Supreme Court reserves illegal membership judgment

Irish Examiner

By Vivion Kilfeather
15 February 2006

THE Supreme Court has reserved judgment in an appeal that could have major implications for the conduct of trials for membership of an illegal organisation at the Special Criminal Court.

The case centres on the right of people accused of membership to cross-examine a Garda Chief Superintendent on the basis of his belief that an accused is a member of an unlawful organisation.

Under the Offences Against the State Act, the Garda Chief Superintendent’s belief is evidence of membership, but in practice in recent years must be supported by other evidence.

Martin Kelly, aged 49, a former corporal in the Defence Forces, of Westpark, Artane, was convicted in November 2003 of membership of an unlawful organisation styling itself the Irish Republican Army, otherwise Óglaigh na hÉireann, otherwise the IRA on July 29, 2002. He was jailed for four years.

During the trial, the Special Criminal Court heard that Kelly and another man demanded money from a Dublin businessman to protect his lap dancing club in Temple Bar. The businessman gave €15,000 to the two men before going to the gardaí. He said the men told him the money was for the Continuity IRA.

Detective Chief Superintendent Philip Kelly of the Special Detective Unit said he believed Kelly was a member of the IRA, but Martin Kelly, in evidence on his own behalf, denied membership.

The Court of Criminal Appeal turned down Kelly’s appeal but said a point of law raised by his lawyers should go to the Supreme Court for consideration.

Kelly’s counsel, Peter Finlay SC, submitted that Article 38 of the Constitution, which guaranteed the right to a fair trial, had been breached because the defence in Kelly’s case was not entitled to cross-examine Chief Superintendent Kelly on the basis behind his belief evidence.

Mr Finlay said that Section 3 (2), of the Offences Against the State (Amendment) Act, 1972, provided that where a Garda Chief Superintendent gave evidence that an accused was a member of an unlawful organisation, the statement will be evidence that he was such a member.
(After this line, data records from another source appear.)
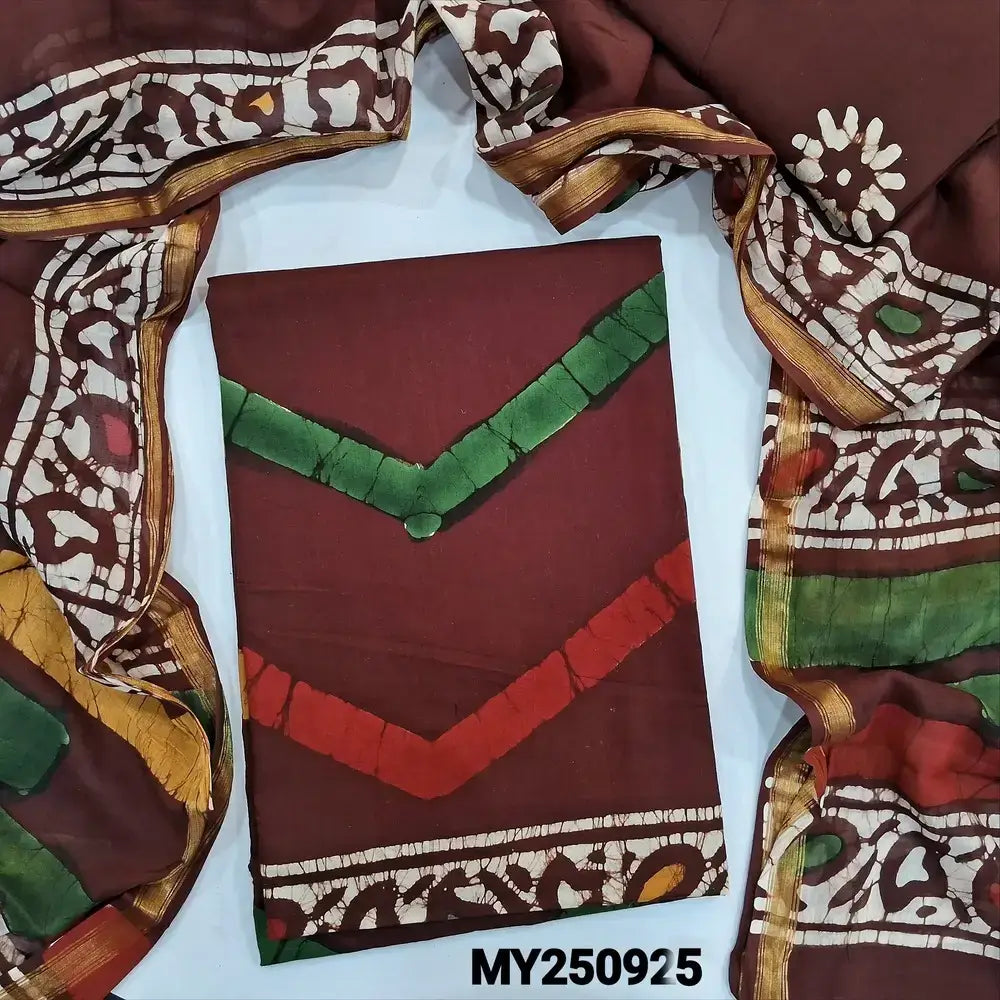 Maroon wax batik cotton salwar material my250925-Neidhal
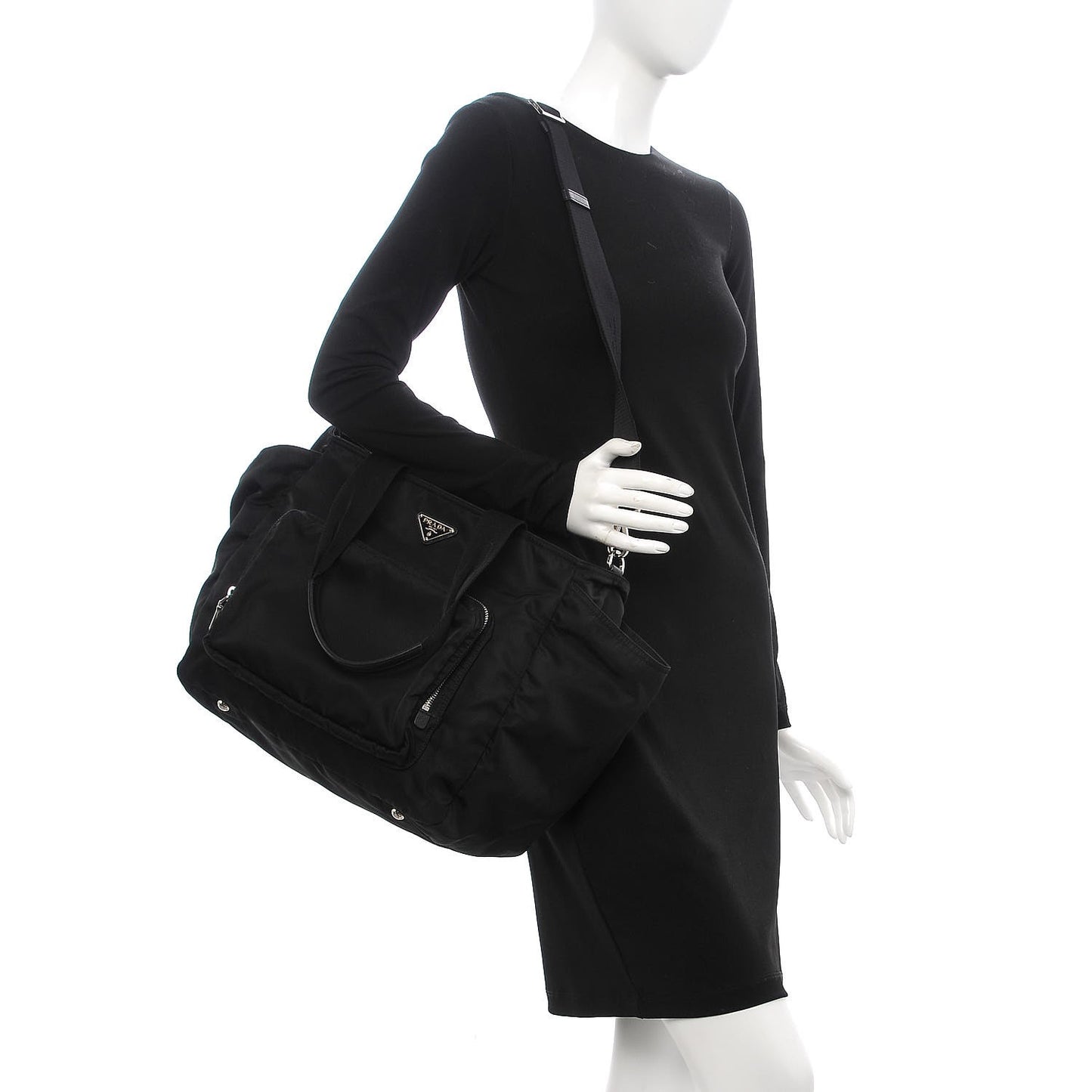 Tessuto Nylon Vela Diaper Bag Black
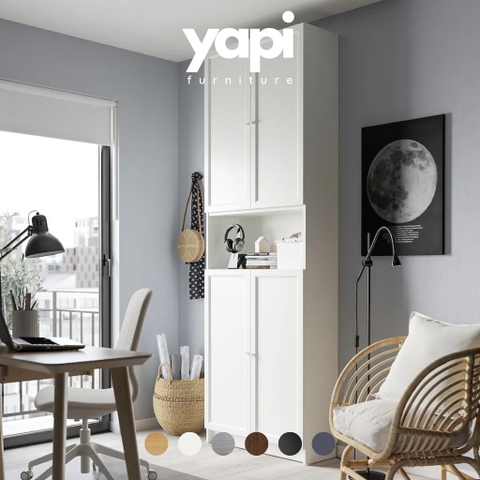 Kệ Sách Có Cánh 80x30x234cm (DxRxC) Gỗ MDF chống xước Yapi-652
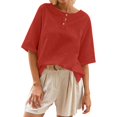 thumbnail image 1 of DuoJiaJ Casual Women's T Shirts Classic Round Neck With Button Detail Short Sleeve Comfortable Everyday Wear For Spring And Summer Cropped Tops for Women Red L, 1 of 4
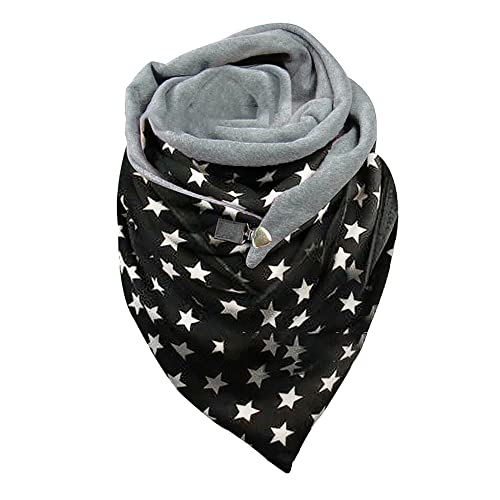 Hiseng Damen Schals Groß Dreieck Winter Dreieckstuch Stern Drucken Warmer Button Knopf Karoschal Winterschal Herbstschal Lieblingsschal Scarf Soft Wrap Lange Stola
He said the challenge was not to the constitutionality of the section, but to the manner in which it was allowed to operate. He said that Article 38 guaranteed procedures that were fair, and Kelly was not given a fair trial when he did not have the opportunity to test the evidence against him.

He said when he attempted to challenge the Chief Superintendent’s belief evidence, the Chief Superintendent invoked privilege and claimed it was necessary to protect informants’ lives.

George Birmingham SC, for the State, submitted that the provisions of the 1972 Act were clear and there could be no question about the admissibility per se of the Chief Superintendent’s opinion evidence.

He said the Special Criminal Court had upheld the claim to privilege.